Ice Age and the Giant Bakken Oil Accumulation

Bruce Hart| AAPG Distinguished Lecturer, Statoil 

Tuesday, February 20, 2018

Doors open 11:30am | Announcements begin at 11:45 am
Marriott Hotel, Kensington Ballroom | 110 9 Avenue SW, Calgary, AB T2G 5A6

This Luncheon is Sold Out

Please note: The cut-off for ticket sales is 1:00pm, five business days before the event. February 13, 2018. 
The USGS estimated (2013) that the Late Devonian to Early Mississippian Bakken Formation holds in excess of 7 billion barrels (~1.1 billion m3) of recoverable oil, making it one of the top 50 largest oilfields in the world. Most of the production comes from shallow-marine sandstones of the Middle Bakken Member that are directly over- and underlain by extremely organic-rich shale source rocks (Upper and Lower Bakken Shale members respectively). Although not oil-productive everywhere, the Middle Bakken forms a relatively sheet-like unit that covers an area of over 200,000 square miles (~520,000 km2) of the intracratonic Williston Basin.

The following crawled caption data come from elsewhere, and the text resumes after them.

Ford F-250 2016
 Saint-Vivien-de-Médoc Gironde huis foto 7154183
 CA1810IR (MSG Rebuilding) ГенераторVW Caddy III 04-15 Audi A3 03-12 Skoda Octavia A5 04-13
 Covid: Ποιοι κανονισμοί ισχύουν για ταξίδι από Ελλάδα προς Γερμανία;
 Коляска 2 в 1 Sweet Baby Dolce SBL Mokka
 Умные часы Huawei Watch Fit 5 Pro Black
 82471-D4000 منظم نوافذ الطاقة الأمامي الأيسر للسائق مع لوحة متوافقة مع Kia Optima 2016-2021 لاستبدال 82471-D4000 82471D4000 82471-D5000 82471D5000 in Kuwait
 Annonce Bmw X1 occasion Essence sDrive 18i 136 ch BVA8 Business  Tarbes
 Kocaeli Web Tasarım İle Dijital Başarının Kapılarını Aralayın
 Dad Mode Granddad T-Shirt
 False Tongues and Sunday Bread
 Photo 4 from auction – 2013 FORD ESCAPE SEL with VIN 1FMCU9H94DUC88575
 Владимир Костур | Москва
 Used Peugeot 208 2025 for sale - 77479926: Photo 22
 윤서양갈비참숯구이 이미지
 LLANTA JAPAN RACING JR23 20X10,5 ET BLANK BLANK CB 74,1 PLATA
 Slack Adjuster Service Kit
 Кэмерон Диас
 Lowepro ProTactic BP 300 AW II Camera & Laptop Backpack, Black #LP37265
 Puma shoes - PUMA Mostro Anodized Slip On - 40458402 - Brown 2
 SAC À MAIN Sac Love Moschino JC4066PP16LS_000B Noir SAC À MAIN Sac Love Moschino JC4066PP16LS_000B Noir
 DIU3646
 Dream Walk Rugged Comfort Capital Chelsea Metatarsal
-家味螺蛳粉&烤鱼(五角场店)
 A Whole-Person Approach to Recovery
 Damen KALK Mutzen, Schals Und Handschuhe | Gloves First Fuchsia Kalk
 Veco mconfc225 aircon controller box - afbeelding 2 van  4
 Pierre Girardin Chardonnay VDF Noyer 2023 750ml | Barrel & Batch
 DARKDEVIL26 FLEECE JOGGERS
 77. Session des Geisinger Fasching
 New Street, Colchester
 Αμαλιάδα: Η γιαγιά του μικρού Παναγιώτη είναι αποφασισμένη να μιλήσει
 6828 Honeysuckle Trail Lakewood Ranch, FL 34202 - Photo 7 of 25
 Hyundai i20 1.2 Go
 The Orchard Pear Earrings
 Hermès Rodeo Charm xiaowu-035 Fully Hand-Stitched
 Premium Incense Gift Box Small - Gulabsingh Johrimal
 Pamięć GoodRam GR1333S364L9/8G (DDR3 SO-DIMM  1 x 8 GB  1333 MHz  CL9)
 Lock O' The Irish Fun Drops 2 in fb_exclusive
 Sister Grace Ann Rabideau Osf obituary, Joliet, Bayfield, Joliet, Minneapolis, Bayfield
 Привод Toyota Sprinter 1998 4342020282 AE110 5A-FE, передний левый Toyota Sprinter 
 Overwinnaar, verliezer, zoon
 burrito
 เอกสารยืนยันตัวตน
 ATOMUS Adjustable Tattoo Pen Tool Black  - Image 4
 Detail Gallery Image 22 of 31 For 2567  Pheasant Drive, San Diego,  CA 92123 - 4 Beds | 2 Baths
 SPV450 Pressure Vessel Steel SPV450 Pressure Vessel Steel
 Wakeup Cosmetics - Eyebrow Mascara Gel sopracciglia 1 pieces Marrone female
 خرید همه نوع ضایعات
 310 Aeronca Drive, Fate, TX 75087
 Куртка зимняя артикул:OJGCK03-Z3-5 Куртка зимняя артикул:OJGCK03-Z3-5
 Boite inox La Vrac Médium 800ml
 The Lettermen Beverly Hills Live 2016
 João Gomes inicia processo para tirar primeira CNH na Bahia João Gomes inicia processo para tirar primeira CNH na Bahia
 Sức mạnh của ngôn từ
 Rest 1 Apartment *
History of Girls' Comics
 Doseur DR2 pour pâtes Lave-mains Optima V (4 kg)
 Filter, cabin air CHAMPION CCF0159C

The vertical juxtaposition of shallow-marine reservoir and more distal source rocks over such a large area, without intervening transitional facies, is unusual from a stratigraphic perspective. One possible explanation would require global fluctuations of sea level to drive geologically rapid and extensive shoreline movements in this relatively stable basin. Forced regression associated with falling sea level could explain the lack of transitional facies (e.g., inner shelf) between the distal Lower Bakken Shale and the overlying Middle Bakken (a sharp-based shoreface). Subsequent sea-level rise would have caused rapid and extensive transgression, leading to the observed stratigraphic relationships between the Middle and Upper Bakken members. But what could have caused the changes in sea level?

A considerable body of evidence points to a Late Devonian-Early Mississippian ice age that covered portions of Gondwana (e.g., parts of present-day Brazil) that were situated close to the paleo South Pole. This ice age consisted of more than one glacial/interglacial cycle and was probably triggered by massive removal of CO2 from the atmosphere by land plants and organic-rich shales. Some evidence indicates that at least 100 m of sea-level drop took place during one of the Famennian glaciations, which would have effectively drained the Williston Basin and induced major shoreline progradation. Melting of the ice sheets would have caused transgression and reflooding of the basin and deposition of the Upper Bakken Shale. Other basins around the world record similar evidence for glacioeustacy near the Devonian-Mississippian transition. The glacial/interglacial cycles are expressed differently from basin to basin, reflecting the interplay between fluctuations of global sea level and each basin’s history of subsidence and sediment supply.


Bruce Hart is a research scientist with Statoil leading the study of shale and unconventional exploration and development. Prior to joining Statoil, Hart held positions with ConocoPhillips, McGill University, New Mexico Tech, Penn State and the Geological Survey of Canada.

He received a bachelor’s degree in geology from McMaster University, a master’s degree in oceanography from Universite du Quebec a Rimouski and a doctorate degree from the University of Western Ontario.

He has authored or co-authored more than 60 peer-reviewed publications (three of which won Best Paper awards) on shales, seismic attributes, clastic sedimentology, fractured reservoirs, pore-pressure prediction, sequence stratigraphy and other topics. He has written more than 50 papers as SPE and URTeC papers, papers in trade journals and extended abstracts. He authored a digital textbook on seismic interpretation for AAPG, and has given short courses on that topic in Houston, London, Cairo, Kuala Lumpus, Calgary and Vienna.

He previously toured as the AAPG-SEG Distinguished Lecturer in 2009-10, and as a Guest Lecturer for the Canadian Society of Petroleum Geologists in 2006.